3月が近づくと、全国各地の新車ディーラーでは決算セールが活発になる(編集部撮影)

この時期になると街の新車ディーラーに「決算セール」や「期末大商談祭」といった類いののぼり旗が並んでいる姿を目にすることがあるだろう。もちろん、決算期にセールをするのは新車ディーラーに限ったことではないが、新車に関しては決算期に購入するのが買い得であるということは多くのユーザーの知るところとなっている。それでは、なぜ新車ディーラーは決算期になると大幅値引きをしてでも販売台数を稼ごうとするのだろうか。

そもそも新車ディーラーは、トヨタや日産といった自動車メーカーの看板を背負って営業をしているものの、自動車メーカー本体とは別の組織となっている。自動車メーカー直営の新車ディーラーも存在しているが、多くのディーラーが自動車メーカー(または、その販売子会社など)と特約店契約を結んでそのブランドの車両を販売している形となっている。

つまり、新車をユーザーに販売する際は、メーカーからその車両を仕入れて顧客に販売するシステムというわけだ。
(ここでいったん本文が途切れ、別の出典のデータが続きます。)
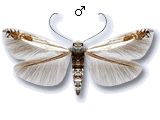 Lyonetiinae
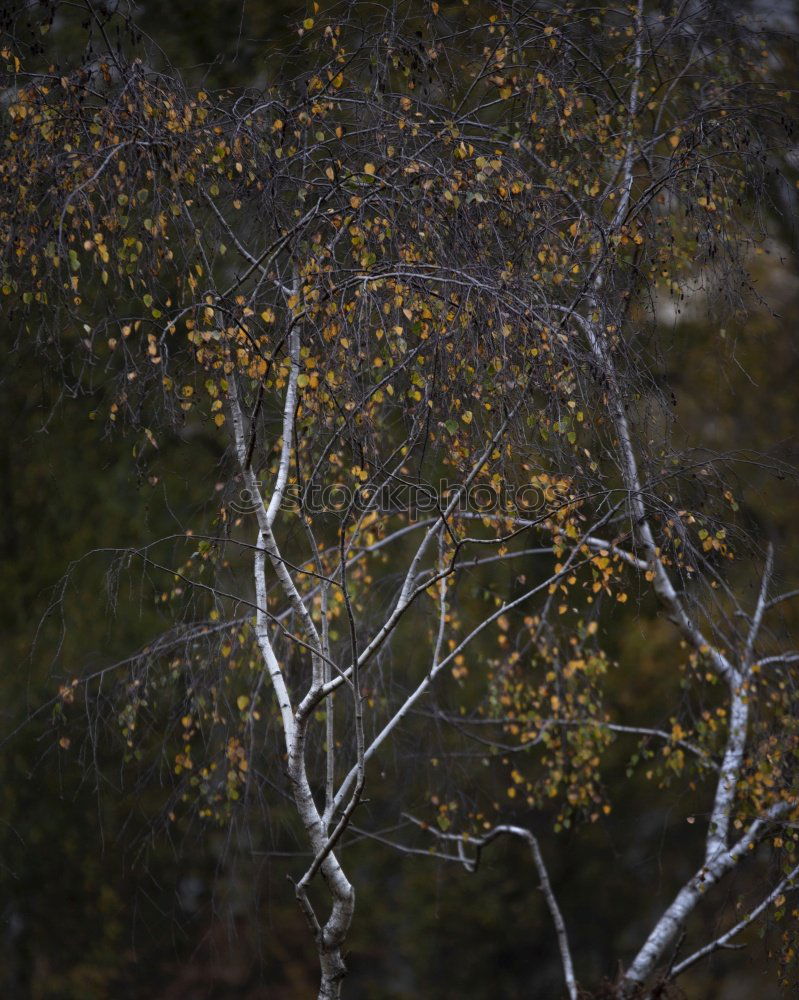 Similar – Image, Stock Photo Leaf curtain with light leaves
そのため、新車にも「仕入れ価格=原価」があり、常識的に考えて原価を下回るほどの値引きが出ることはない。フルモデルチェンジ後も在庫してしまった車両や、何らかの理由で注文後にキャンセルとなってしまった車両などは格安で販売されることもあるが、それはレアケースだろう。

「販売報奨金」の存在

それでは、なぜ決算期には時には原価を割り込むほどの大幅な値引きができるのかというと、それはメーカーから支給される「販売報奨金」が絡んでいる。現代風に言えば「インセンティブ」とも呼ばれる販売報奨金は、ディーラーが既定の販売台数をクリアすることで支給されるものであり、当然ながらクリアしなければその額はゼロとなってしまう。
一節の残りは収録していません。